▸ TASK TO CARRY OUT: Having located "Empty chairlift over", write out its line and the remaining lines of the material exactly, the last one included, but not the pictures.

+++ GIVEN MATERIAL

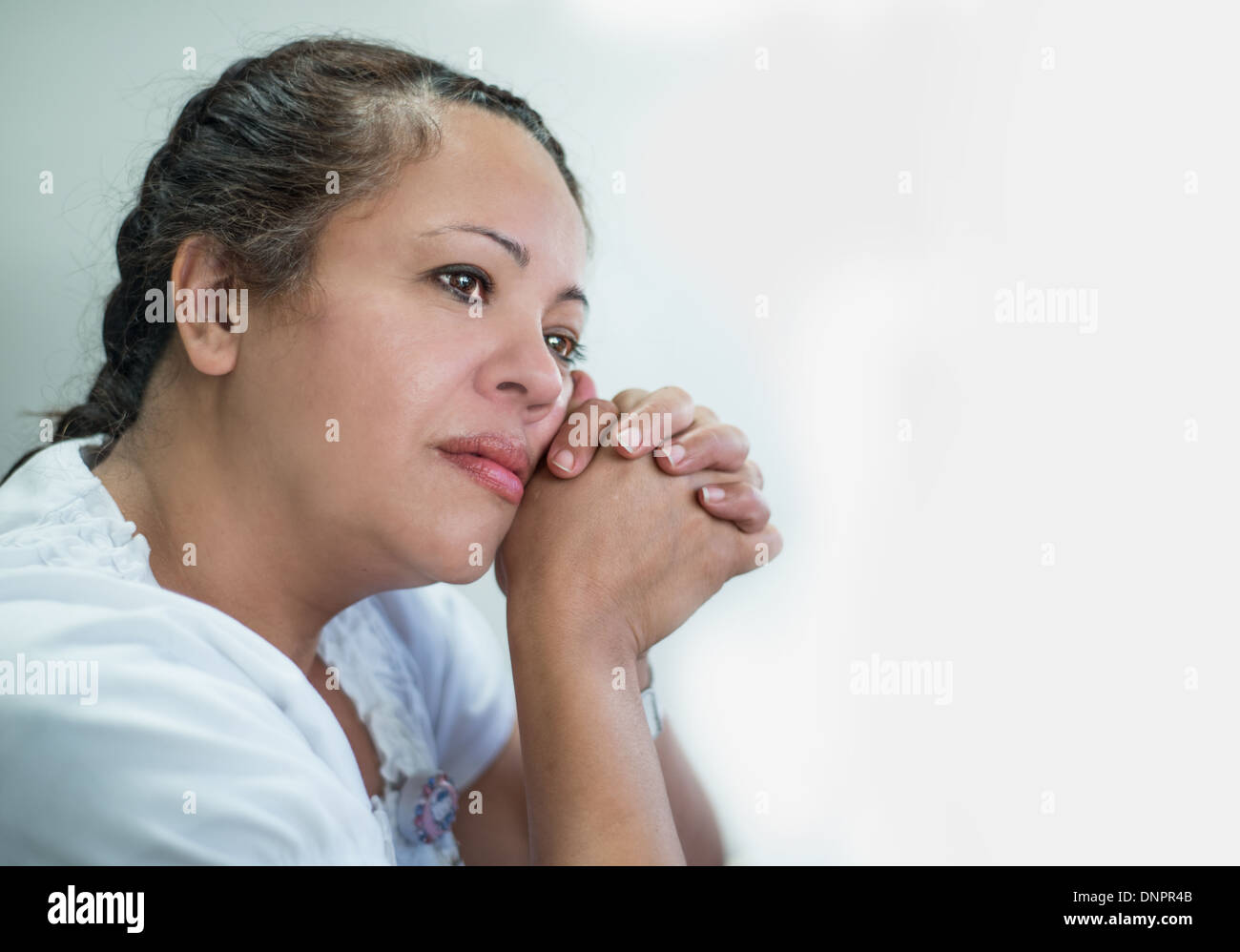 Contemplative Hispanic Woman against a light background Stock Photo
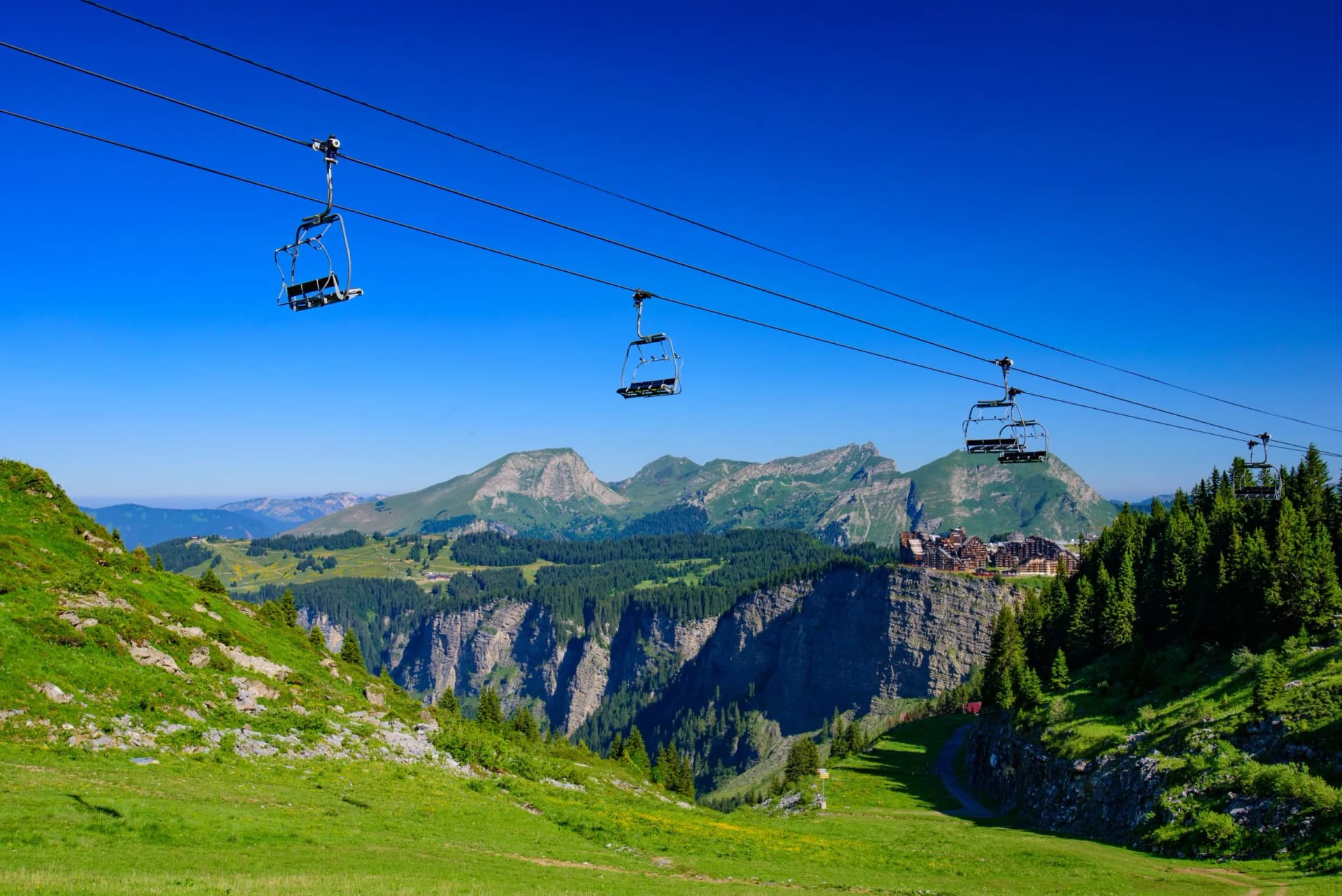 Empty chairlift over green summer mountains at Avoriaz resort in Portes du Soleil, France.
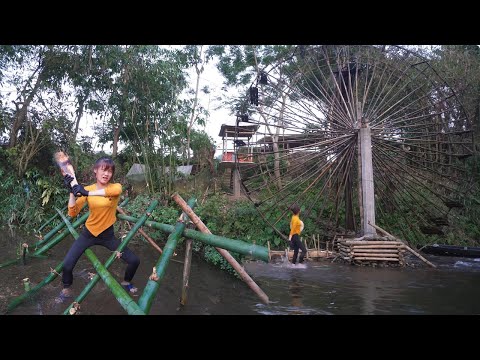 Repair and restoration of old water wheels - Make a trash fence to protect the water wheel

++++++

▸ SOLVED EXERCISE:
 Empty chairlift over green summer mountains at Avoriaz resort in Portes du Soleil, France.
 Repair and restoration of old water wheels - Make a trash fence to protect the water wheel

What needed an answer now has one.